StarMine\footnote{See www.starmine.com for details.} is a San
Fransisco research company which creates quantitative equity models
for stock selection.  According to the company:

% Note that we make the font size for this quote small and then go
% back to normal.

\small

\begin{quote}
  StarMine Indicator is a 1-100 percentile ranking of stocks that is
  predictive of future analyst revisions. StarMine Indicator improves
  upon basic earnings revisions models by:

\begin{itemize}
\item Explicitly considering management guidance.
  
\item Incorporating SmartEstimates, StarMine's superior estimates
  constructed by putting more weight on the most accurate analysts.
  
\item Using a longer-term (forward 12-month) forecast horizon (in
  addition to the current quarter).

\end{itemize}

StarMine Indicator is positively correlated to future stock price
movements.
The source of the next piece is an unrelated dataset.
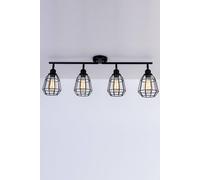 HARPER LIVING 4 Way Ceiling Lights, Black Vintage Spotlights, Adjustable Retro Kitchen Spotlight, Dimmable, Ideal for Living Room, Bedroom, Kitchen, Hallway, Hotel, B&B, 4xE27 Bulbs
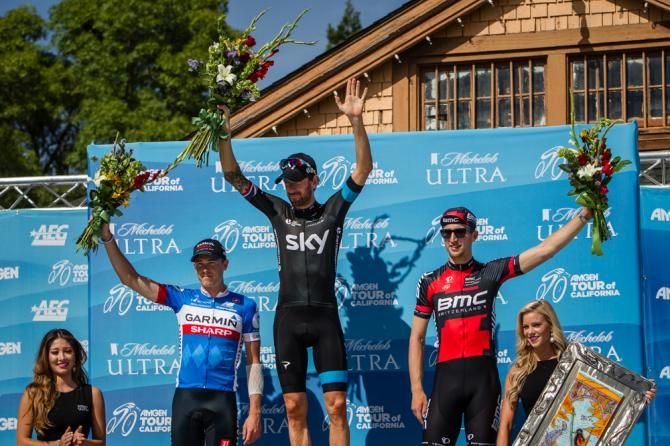 The top three podium for the mens TT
Top-decile stocks have annually outperformed bottom-decile
stocks by 27 percentage points over the past ten years across all
global regions.
\end{quote}

\normalsize

These ranks and other attributes of stocks are in the
\texttt{starmine} data frame, available as part of the
\pkg{backtest} package.

<<echo=FALSE, results=hide>>=
library(backtest)
@ 

<<echo=TRUE>>=
data(starmine)
names(starmine)
@ 

\texttt{starmine} contains selected attributes such as sector, market
capitalisation, country, and various measures of return for a universe
of approximately 6,000 securities.  The data is on a monthly frequency
from January, 1995 through November, 1995.  The number of observations
varies over time from a low of 4,528 in February to a high of 5,194 in
November.

<<echo=FALSE>>=
cat.df.without.rownames(as.data.frame.table(table(date = as.character(starmine$date)), responseName = "count"))
@ 

The \texttt{smi} column contains the StarMine Indicator score for each
security and date if available.  Here is a sample of rows
and columns from the data frame:

<<echo=false>>=
current.options <- options(digits = 1, width = 80, scipen = 99)
@

<<echo=false>>=
cat.df.without.rownames(starmine[row.names(starmine) %in% c(2254, 9852, 10604, 18953, 62339, 77387, 85739), c("date", "name", "ret.0.1.m", "ret.0.6.m","smi")])
@ 

<<echo=false>>=
options(current.options)
@

Most securities (like LoJack above) have multiple entries in the data
frame, each for a different date.  The row for Supercuts indicates
that, as of the close of business on August 31, 1995, its \texttt{smi}
was 57.  During the month of September, its return (i.e.,
\texttt{ret.0.1.m}) was -11\%.

\section*{A simple backtest}

Backtests are run by calling the function \texttt{backtest} to
produce an object of class \texttt{backtest}.

<<echo = TRUE>>=
bt <- backtest(starmine, in.var = "smi", ret.var = "ret.0.1.m", by.period = FALSE)
@

\texttt{starmine} is a data frame containing all the information
necessary to conduct the backtest.  \texttt{in.var} and
\texttt{ret.var} identify the columns containing the input and return
variables, respectively. \texttt{backtest} splits observations into 5
(the default) quantiles, or ``buckets,'' based on the value of
\texttt{in.var}.  Lower (higher) buckets contain smaller (larger)
values of \texttt{in.var}.  Each quantile contains an approximately
equal number of observations.  This backtest creates quantiles
according to values in the \texttt{smi} column of \texttt{starmine}.

<<echo=false>>=
table(cut(starmine$smi, breaks = quantile(starmine$smi, probs=seq(0,1,0.20), 
                          na.rm=TRUE, 
                          names=TRUE), 
          include.lowest = TRUE))
@ 

\texttt{backtest} calculates the average return within each bucket.
From these averages we calculate the spread, or the difference between
the average return of the highest and lowest buckets.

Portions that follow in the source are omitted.